Immobilization does not alter baseline mean systemic blood pressure in animals (McDonald et al. 1992; Tyml et al. 1999, 1995) and humans (Kamiya et al. 2004) as well as the exercise-induced blood pressure response in humans (Kamiya et al. 2004). Therefore, we speculated that the blood pressure response might not change after immobilization in this study. However, we did not measure the blood pressure response, which is a potential limitation of this study. We could not rule out the possibility that the augmented muscle sympathetic nerve activity (Kamiya et al. 2004) and the decreased endothelial functions (Bleeker et al. 2005b) after immobilization might be associated with the blunt hyperemic response.

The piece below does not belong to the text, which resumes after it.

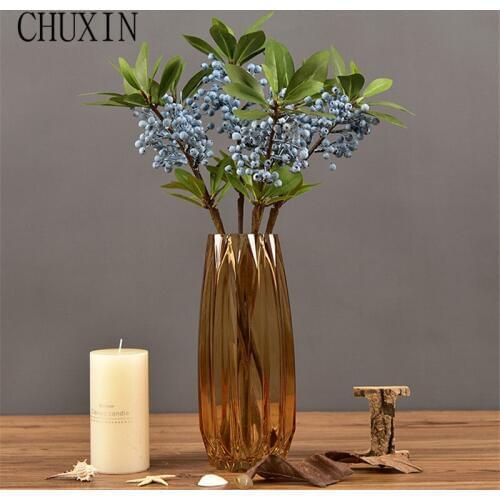 55cm New simulation berry branch home decoration fake flower wild fruit wedding flower arrangement material Christmas decoration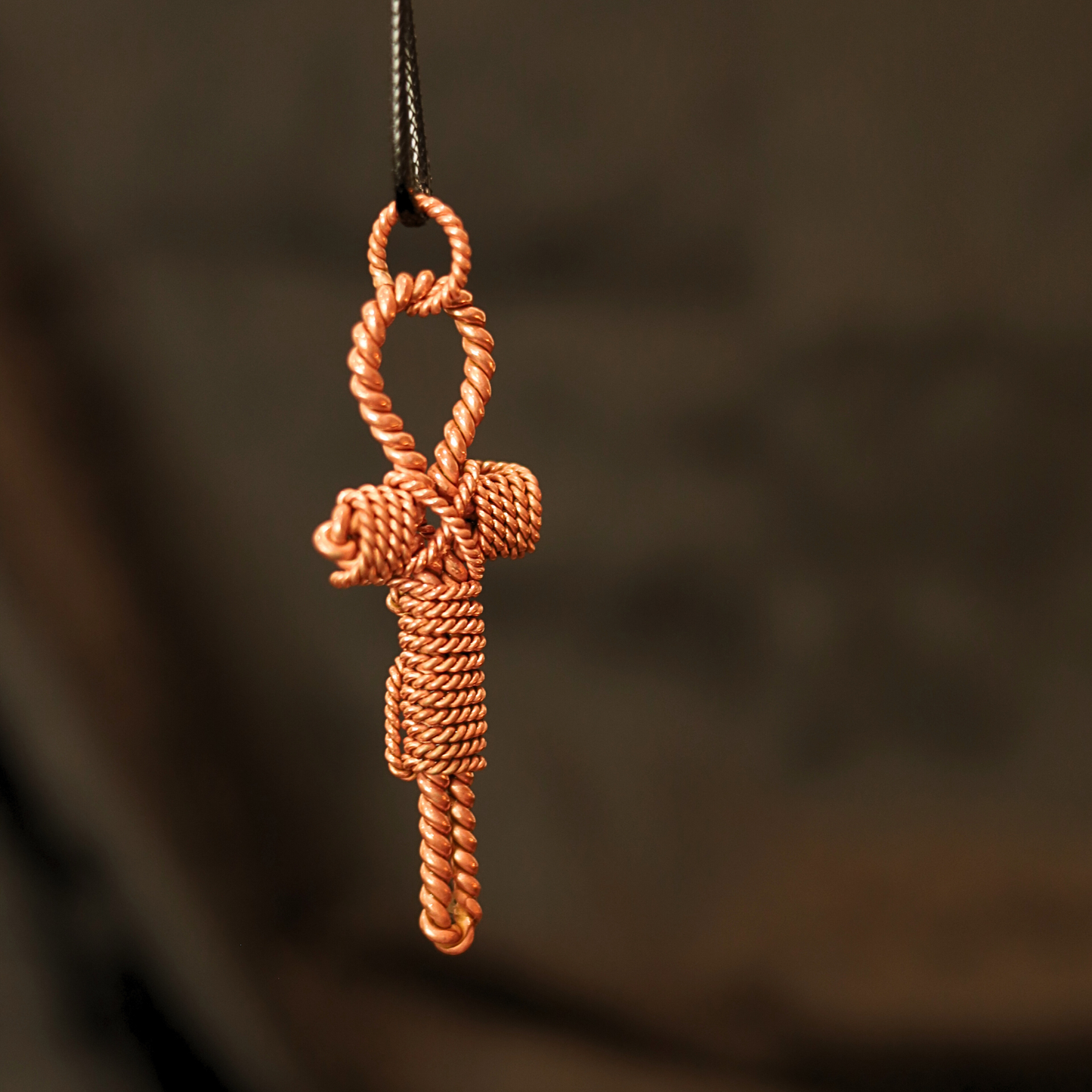 Copper Ankh Tensor Pendant – 432 MHz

Our previous study (Kitahara et al. 2003) determined that there were no differences in any muscle functions (i.e., CSA, MVC force, time course for PCr recovery, grip endurance, PCr or pH during a grip endurance test) between the dominant and non-dominant arms before the intervention and no changes in the muscle functions of the control arm after the intervention. The measurement methods and the intervention period of those studies were identical to those of the current study. Therefore, although true control was not present in the current study, we believe that the results of the current study are reliable and unaffected by day-to-day variations. However, it is possible that the intervention may influence subject’s habit and therefore influence both training response and daily physical activity level. If the dominant arm, which is more active than the non-dominant arm, was immobilized, the muscle cross-sectional area and functions might greatly decrease after immobilization.
In conclusion, the 3-week non-dominant upper limb immobilization did not change baseline artery structure, but decreased the hyperemic response to exhaustive exercise. During immobilization, a combination of low-volume strength training (40 s each, twice weekly) and endurance training (~60 s each, twice weekly) sustained the exhaustive exercise-induced hyperemic response.
The authors are grateful to all the volunteers who participated in this study. This work was supported, in part, by NASDA and a grant-in-aid from the Japanese Ministry of Education, Science, Sports and Culture.